Contact: Meredith Jorss, email@example.com
WASHINGTON, DC — Today, U.S. Representative Dusty Johnson (R-SD) and 14 other House members introduced the America Works Act, a bill to tighten work requirements in the Supplemental Nutrition Assistance Program (SNAP). The bill would expand the age bracket of so-called able-bodied adults without dependents, or ABAWDs, from 18-49 to 18-65 and limit states’ ability to request time-limit waivers if there are an insufficient number of jobs to provide unemployment for these individuals. The following is a statement opposing this proposal from Lisa Davis, Senior Vice President of Share Our Strength and its No Kid Hungry campaign.
“This bill is punitive and counterintuitive, and we strongly oppose it. SNAP is one of our nation’s most effective nutrition programs. We should be seeking ways to strengthen and improve the program, not restrict access to it.
“As proposed, the bill fails to account for the myriad factors that drive economic mobility – income and wages, education, and workforce development, among others. While a good job is the best path out of poverty, there is little reason to believe this bill will increase employment or help anyone achieve self-sufficiency. Instead, it will only serve to take food away from vulnerable Americans.
“While there is no evidence SNAP creates dependency or disincentives to work, there is a robust body of research reinforcing that a lack of adequate nutrition leads to poorer physical and mental health and higher health care costs.

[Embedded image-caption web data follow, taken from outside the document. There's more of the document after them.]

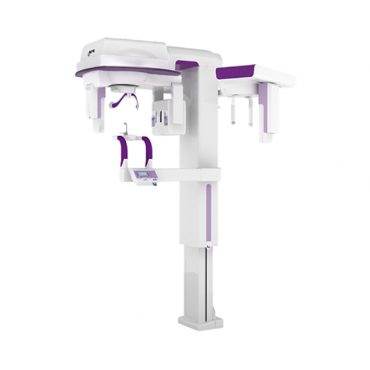 MyRay Hyperion X9 3D-READY Ceph Titanium - дентальный цифровой аппарат с цефалостатом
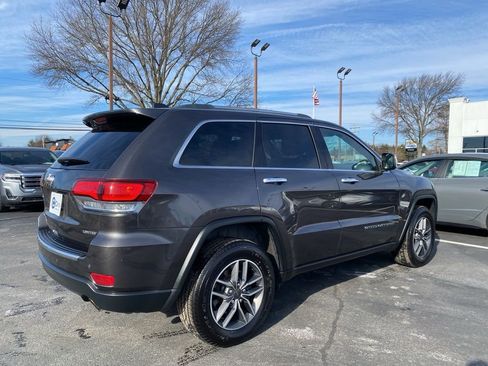 Used 2020 Jeep Grand Cherokee Limited w/ Premium Lighting Group image 4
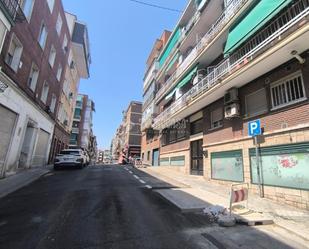 Vista exterior de Pis en venda en  Madrid Capital amb Aire condicionat, Calefacció i Terrassa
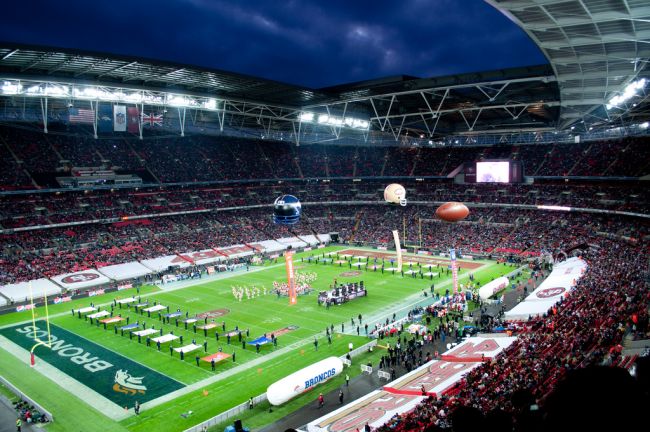 NFLはヨーロッパへの影響力を拡大し、2025年にはより多くの国に進出する予定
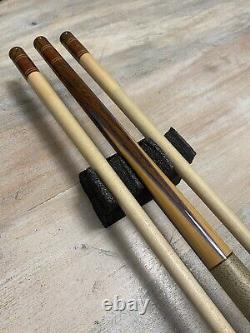 ZIDE CUSTOM Pool cue Bob Zide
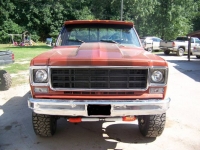 1978 GMC Sierra for sale in Michigan (ID-118654)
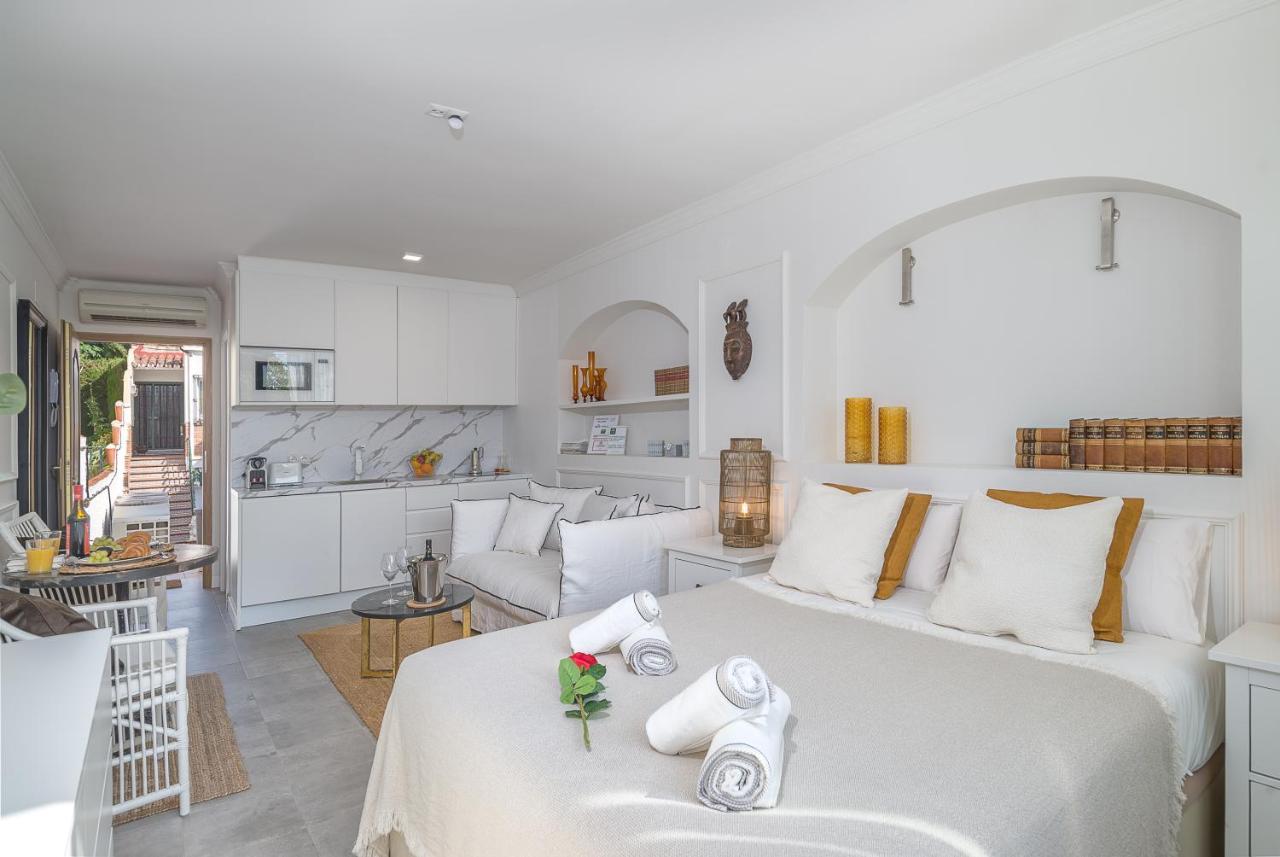 Bianca Chic Studio - Carihuela Beach At 300M Τορρεμολίνος Εξωτερικό φωτογραφία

“This proposal would cause harm to individuals who already face obstacles to work, like a lack of stable housing and access to transportation, and doesn’t take into consideration those with undiagnosed physical or mental limitations.
“Restricting access to critical nutrition programs is especially harmful at a time when food prices remain troublingly high and additional assistance like the SNAP emergency allotments have ended. Averaging about $6 per person per day, SNAP benefits remain low.
“We urge Congress to fight for a Farm Bill that protects and strengthens SNAP, rather than restricting access for those who need its benefits.”